Les laissés-pour-compte

Michèle Dominici, réalisatrice du documentaire L’histoire oubliée des femmes au foyer, explique notamment dans l’émission La Grande table en mai 2022 que dans ces années d’après-guerre, “la femme n’est pas une citoyenne à part entière. Elle n’est pas complètement autonome. Avant 1965, elle n’a pas le droit de travailler sans l’autorisation de son mari, ni d’avoir un compte en banque quand elle est mariée. Elle est également seconde légalement dans le foyer, car la notion de chef de famille n’est supprimée qu’en 1970.

L’illusion d’une croissance sans limite

Basée sur la valeur travail et un mode de vie moderne et consumériste, la société des années 1960 est aussi un monde où seuls comptent la croissance et le produit intérieur brut (PIB). “Les Trente Glorieuses, c’est aussi la période du déni écologique, poursuit Vincent Martigny. Alors que, dès 1972, le rapport Meadows montre que nous ne pouvons pas continuer à consommer dans un monde aux ressources limitées, ces informations ne sont pas diffusées au grand public, et surtout ne feront pas l’objet de prise en charge par les pouvoirs publics.

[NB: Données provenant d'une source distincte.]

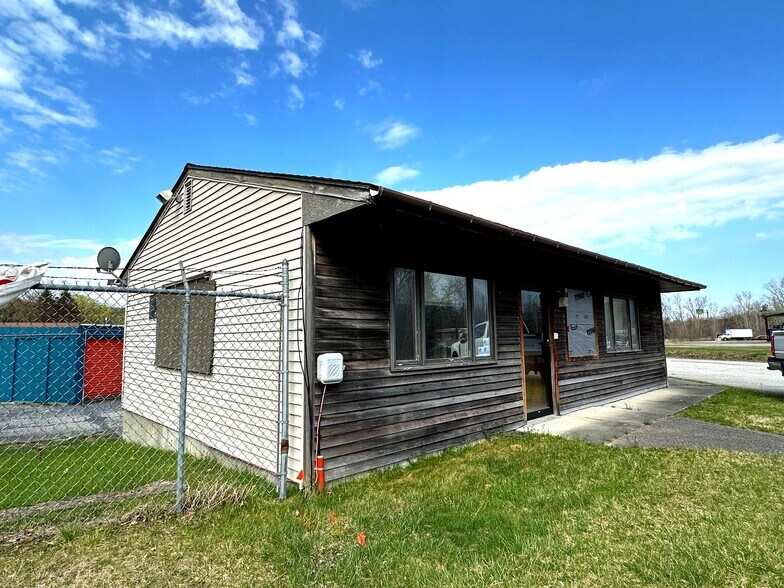 More Photos Of 261 Phyllis Ln, Bennington Self Storage For Lease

À gauche, au contraire, on garde des Trente Glorieuses le souvenir des grandes mobilisations, la contestation du capitalisme et la révolution sexuelle. Mais si révolution sexuelle il y a, c’est à bien souvent à l’avantage des hommes. “Les Trente Glorieuses ont été une période d’avancées considérables pour les droits des femmes“, reconnaît l’historien, “à commencer par le droit à disposer de son corps et le droit à l’avortement. Mais ce n’est pas suffisant pour dire qu’il y avait une égalité dans le désir entre hommes et femmes. Toute une génération d’hommes, à l’époque, faisait peu de cas de la parole des femmes, sans avoir pour autant le sentiment de mal se comporter. C’est aussi ça les Trente Glorieuses.

Une crise du futur

Dans les années 1970, les deux chocs pétroliers mettent fin à cette période de prospérité inédite et à une croissance à 5 %. La civilisation du pétrole et du plastique se fissure, engendrant le chômage de masse. On a même parfois parlé de la période suivant les Trente Glorieuses comme des “Trente Piteuses“. Ce qui pourrait expliquer pourquoi alors se réfugier dans l’imaginaire de cette époque “bénie” : dans les années 1970, on était plein d’espoir vis-à-vis du futur et on fantasmait la société de l’an 2000. Aujourd’hui, nous vivons une crise du futur et l’an 2050 fait peur. Il est peut-être temps alors de changer notre logiciel et d’arrêter de comparer notre époque avec celle de nos grands-parents, comme le suggère Vincent Martigny : “Le but n’est pas de nier les Trente Glorieuses, mais de trouver comment reproduire des conditions de prospérité sous un mode différent, en tenant compte des enjeux d’aujourd’hui. D’abord, il faudrait inventer de nouvelles formes de collectifs, non seulement dans les mouvements sociaux, mais aussi dans notre façon de s’emparer de la politique. Deuxièmement, il faut regarder à nouveau ce qui, dans le présent, doit nous donner des raisons d’espérer dans l’avenir. Troisièmement, nous devons montrer que lorsque la transition environnementale sera réussie dans notre pays, nous vivrons mieux, plus longtemps, en meilleure santé. Des conditions de vie qui seront mille fois meilleurs que celles d’aujourd’hui et que celle des Trente Glorieuses.